* _Work to be completed_:
All lines from the one containing "Dear friends, in" through the last line of the listing should be given again exactly, with no pictures.

* _Exercise data_:
··········
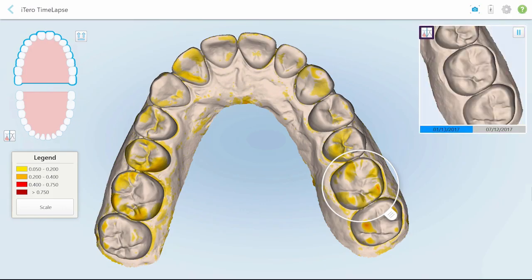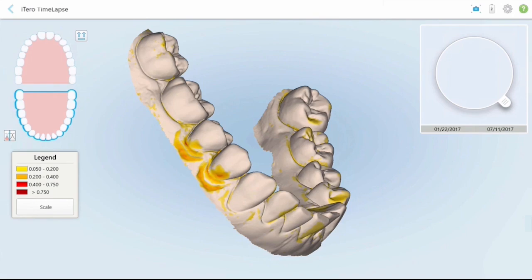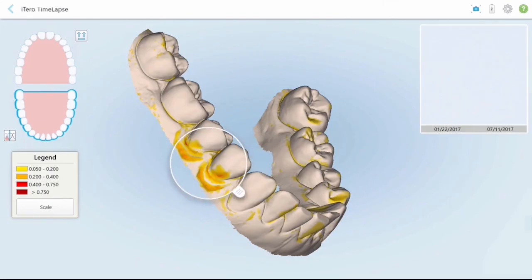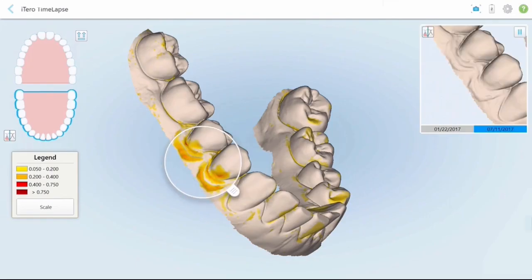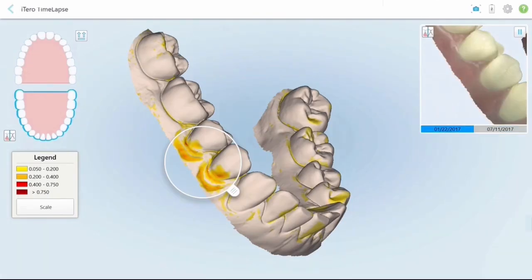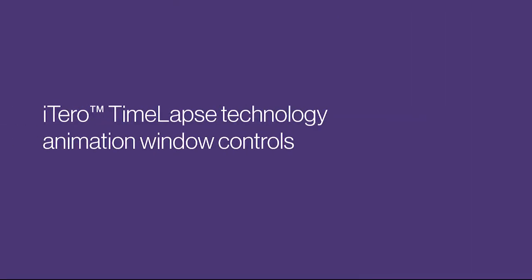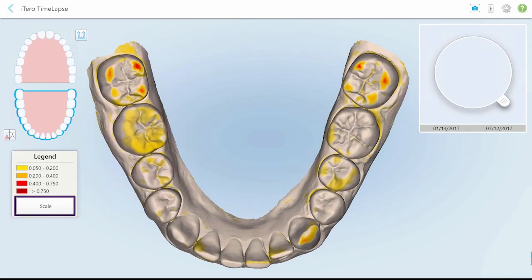Tap here to alternate between monochrome and color modes. Tooth movement is also visually apparent when using the iTero time-lapse technology. Differences between scans that may represent soft tissue changes such as recession or growth can also be visualized.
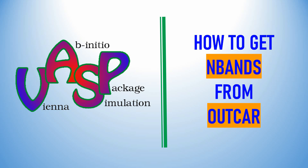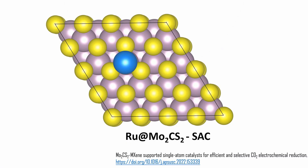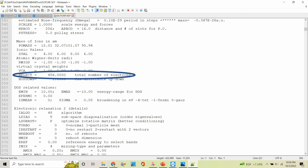Dear friends, in this video I am going to explain how to get the number of bands from an OUTCAR file. This is the system I used to calculate the number of bands. This is the OUTCAR file from a single point calculation.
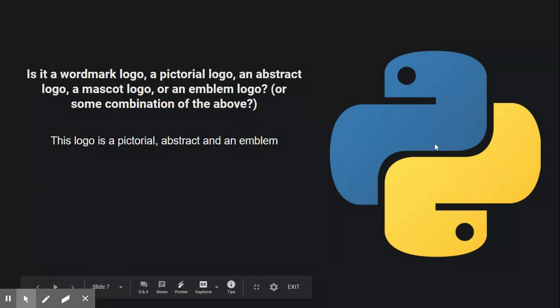For what kind of logo it is, it is a pictorial and abstract logo and an emblem.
··········
* _Exercise result_:
Dear friends, in this video I am going to explain how to get the number of bands from an OUTCAR file. This is the system I used to calculate the number of bands. This is the OUTCAR file from a single point calculation.
For what kind of logo it is, it is a pictorial and abstract logo and an emblem.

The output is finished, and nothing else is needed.